Existing-Home Sales Continue Their Improvement
The May existing-home sales report was encouraging. Between April and May, existing-home sales increased by 5%. It now appears existing-home sales bottomed in mid-March, increased modestly in April, and finally popped a little in May. Looking at the short-term graph of existing-home sales, it looks like housing is approaching its short-term trend of 5 million units. The past year's worth of data was initially biased upward because of the pop in mortgage rates a year ago, causing an artificial rush as homebuying fence sitters leaped off. Then weather and a hangover from last year's midyear surge artificially depressed the data. Now we are finally returning to something that looks more normal. Despite the recent volatility, the trend line still has at least modest upward bias over the past two years.

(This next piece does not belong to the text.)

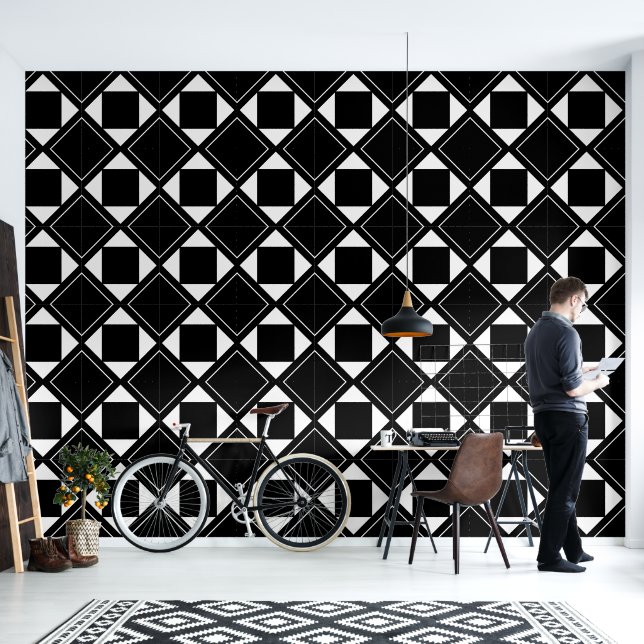 Papel Pintado Formas abstractas en blanco y negro (Sala de estar)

In addition to the good news on the unit sales front, inventories continued to increase, which is good news at this point in cycle. Home shortages were slowing sales in some markets, particularly in the West. In fact, tight inventories in the West made this territory the worst-performing geography in May, with only a 1% gain compared with the 5% national average. Price increases continued to moderate, with median prices up about 5%. That is probably just about the Goldilocks level: high enough to continue to help those with underwater mortgages and low enough not to ruin affordability, especially in light of improving worker incomes.

As I warned earlier this year, it will take at least a few more months for the improvement in home sales to finally influence other parts of the economy, including home improvement items, remodeling contractors, and furniture, to mention just a few. But the seeds of future economic improvement are being sown now.

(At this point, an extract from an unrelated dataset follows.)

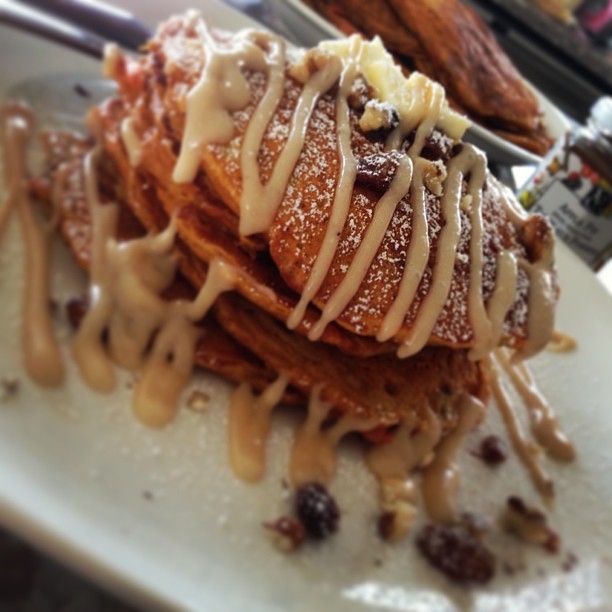 Carrot Cake Pancakes with Cream Cheese Drizzle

New home sales for May were also up nicely and above consensus estimates, providing further fuel for economic growth in the months ahead. New home sales hit a recovery high of 504,000 annualized units, the first time we have crossed the 500,000 level this recovery. That represents a 19% increase from April and 17% from last May.

Home Price Growth Continues to Slow
This week's data from Case-Shiller and the Federal Housing Finance Administration showed more extensive price-growth slowing than  CoreLogic data released earlier in the month. This week's data strongly suggest that home price growth has finally begun to moderate. CoreLogic's pending home sales price index for May suggests that growth in its price index will finally plunge in the May data set. Some of the more drastic slowing in growth rates has been on the West Coast where annually growth rates that may have soared as much as 30% at one point have now moderated to 20% or less, according to Case-Shiller. The rest of the nation in general has seen a slowing in price increases, but not nearly as dramatic. Remember, we are talking about slowing growth rates and not price declines. For the full year, I am expecting 5%-6% increases in home prices, a much more palatable level for homebuyers.